Quote, exactly, the line holding "Surgical bed for children" and all lines after it to the end of the records below. Exclude pictures.

== Exercise materials ==

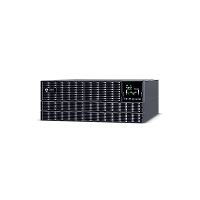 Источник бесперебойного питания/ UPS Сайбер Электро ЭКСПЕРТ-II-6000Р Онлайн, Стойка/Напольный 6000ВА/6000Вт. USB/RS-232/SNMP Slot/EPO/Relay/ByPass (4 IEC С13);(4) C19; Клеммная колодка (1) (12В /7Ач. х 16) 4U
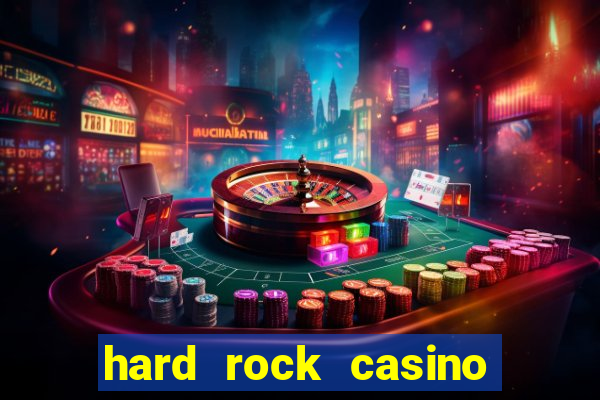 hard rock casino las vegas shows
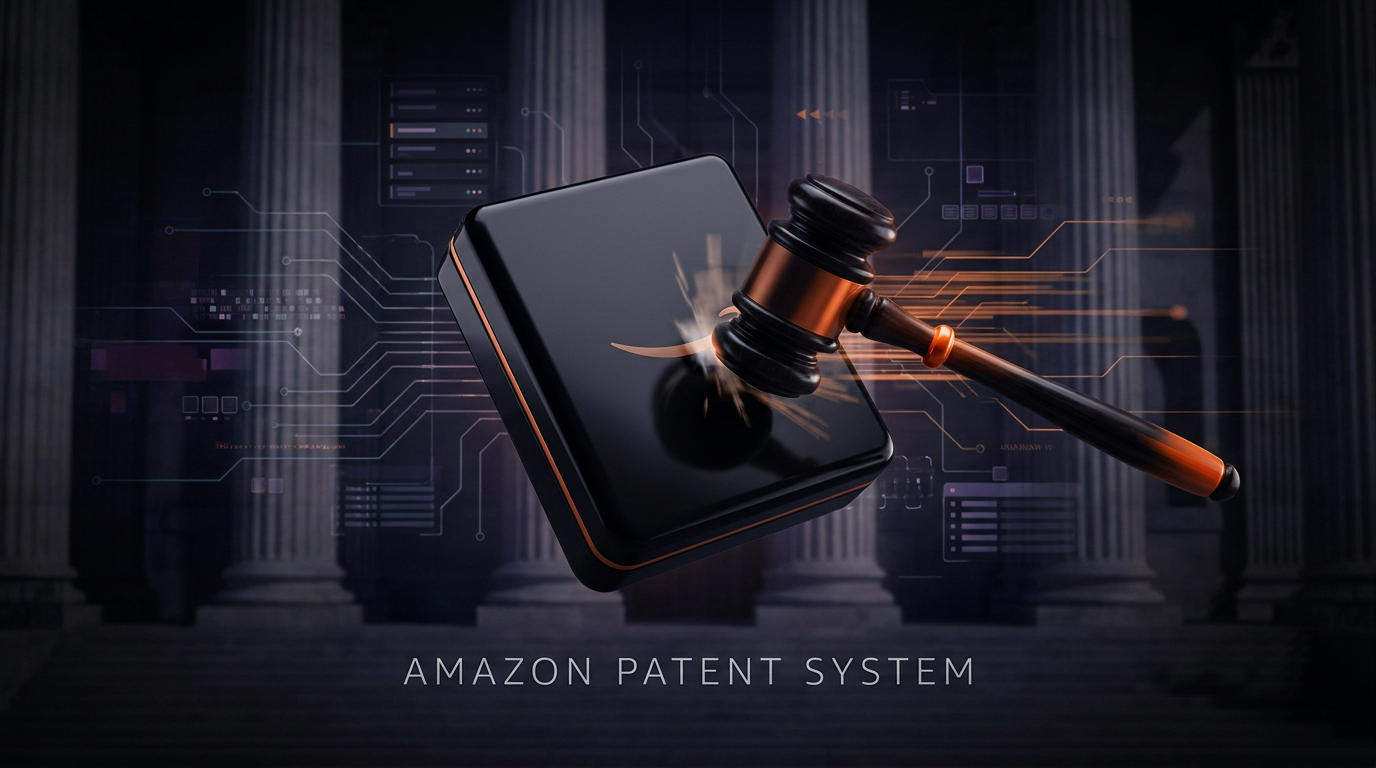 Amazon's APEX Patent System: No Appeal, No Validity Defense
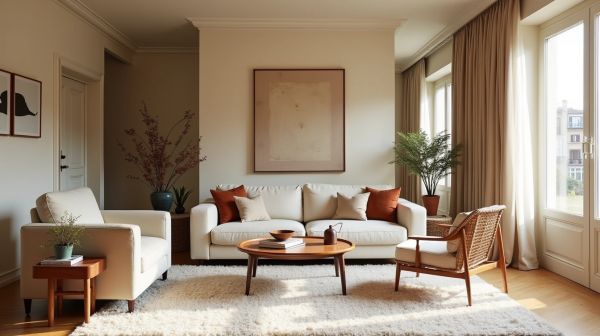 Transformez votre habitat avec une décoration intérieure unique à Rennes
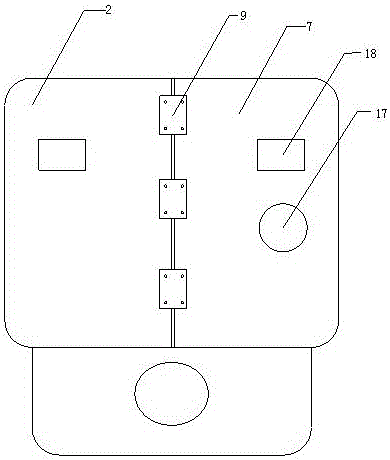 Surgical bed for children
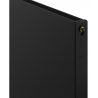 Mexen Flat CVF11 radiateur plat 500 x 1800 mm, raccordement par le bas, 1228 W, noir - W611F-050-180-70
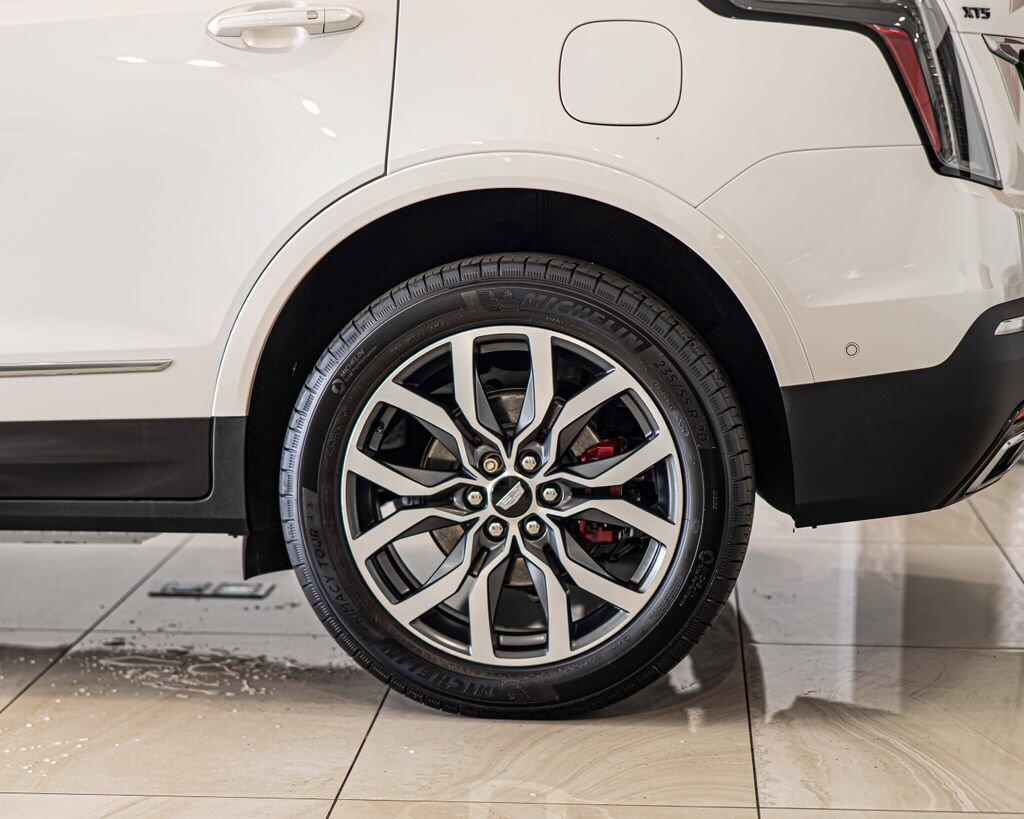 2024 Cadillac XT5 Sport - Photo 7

===

§ **Reply to the exercise**
 Surgical bed for children
 Mexen Flat CVF11 radiateur plat 500 x 1800 mm, raccordement par le bas, 1228 W, noir - W611F-050-180-70
 2024 Cadillac XT5 Sport - Photo 7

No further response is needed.